**Aim of the exercise**.
Repeat, line for line, the entries below from the first line to the line containing "Vintage Breckenridge Sweater", counting both ends.

*** Opening Given information ***

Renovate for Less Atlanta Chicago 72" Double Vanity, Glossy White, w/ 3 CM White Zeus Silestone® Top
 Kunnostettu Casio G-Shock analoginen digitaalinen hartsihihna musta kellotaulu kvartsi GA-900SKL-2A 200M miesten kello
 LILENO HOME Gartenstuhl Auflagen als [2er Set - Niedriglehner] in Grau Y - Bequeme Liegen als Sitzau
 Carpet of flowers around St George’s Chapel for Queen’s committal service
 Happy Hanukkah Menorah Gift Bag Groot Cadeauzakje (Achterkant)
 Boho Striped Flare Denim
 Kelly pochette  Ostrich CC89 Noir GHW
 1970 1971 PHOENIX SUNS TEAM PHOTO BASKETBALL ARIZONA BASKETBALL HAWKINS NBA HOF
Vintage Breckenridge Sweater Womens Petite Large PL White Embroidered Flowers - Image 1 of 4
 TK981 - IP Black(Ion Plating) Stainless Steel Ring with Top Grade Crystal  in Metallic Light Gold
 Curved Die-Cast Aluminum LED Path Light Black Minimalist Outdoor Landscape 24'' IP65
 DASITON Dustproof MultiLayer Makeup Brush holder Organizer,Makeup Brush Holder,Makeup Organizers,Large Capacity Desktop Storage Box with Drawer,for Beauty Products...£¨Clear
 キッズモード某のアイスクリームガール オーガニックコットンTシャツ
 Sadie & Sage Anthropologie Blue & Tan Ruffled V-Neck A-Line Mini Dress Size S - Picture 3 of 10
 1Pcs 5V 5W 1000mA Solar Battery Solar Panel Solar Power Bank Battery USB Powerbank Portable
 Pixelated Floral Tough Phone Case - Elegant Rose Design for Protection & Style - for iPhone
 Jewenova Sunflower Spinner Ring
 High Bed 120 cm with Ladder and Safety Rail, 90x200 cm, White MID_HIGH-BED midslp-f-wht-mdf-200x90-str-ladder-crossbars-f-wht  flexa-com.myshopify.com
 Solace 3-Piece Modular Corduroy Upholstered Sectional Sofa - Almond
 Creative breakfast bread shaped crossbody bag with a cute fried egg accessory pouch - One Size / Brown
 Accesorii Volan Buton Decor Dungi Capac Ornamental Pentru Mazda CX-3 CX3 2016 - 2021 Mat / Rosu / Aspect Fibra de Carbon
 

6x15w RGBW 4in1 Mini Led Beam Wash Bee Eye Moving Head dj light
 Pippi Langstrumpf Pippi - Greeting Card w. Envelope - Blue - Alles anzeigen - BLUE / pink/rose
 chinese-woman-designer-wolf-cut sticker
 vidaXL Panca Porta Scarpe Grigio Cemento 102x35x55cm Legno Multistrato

*** Closing Given information ***

**Answer section**.
Renovate for Less Atlanta Chicago 72" Double Vanity, Glossy White, w/ 3 CM White Zeus Silestone® Top
 Kunnostettu Casio G-Shock analoginen digitaalinen hartsihihna musta kellotaulu kvartsi GA-900SKL-2A 200M miesten kello
 LILENO HOME Gartenstuhl Auflagen als [2er Set - Niedriglehner] in Grau Y - Bequeme Liegen als Sitzau
 Carpet of flowers around St George’s Chapel for Queen’s committal service
 Happy Hanukkah Menorah Gift Bag Groot Cadeauzakje (Achterkant)
 Boho Striped Flare Denim
 Kelly pochette  Ostrich CC89 Noir GHW
 1970 1971 PHOENIX SUNS TEAM PHOTO BASKETBALL ARIZONA BASKETBALL HAWKINS NBA HOF
Vintage Breckenridge Sweater Womens Petite Large PL White Embroidered Flowers - Image 1 of 4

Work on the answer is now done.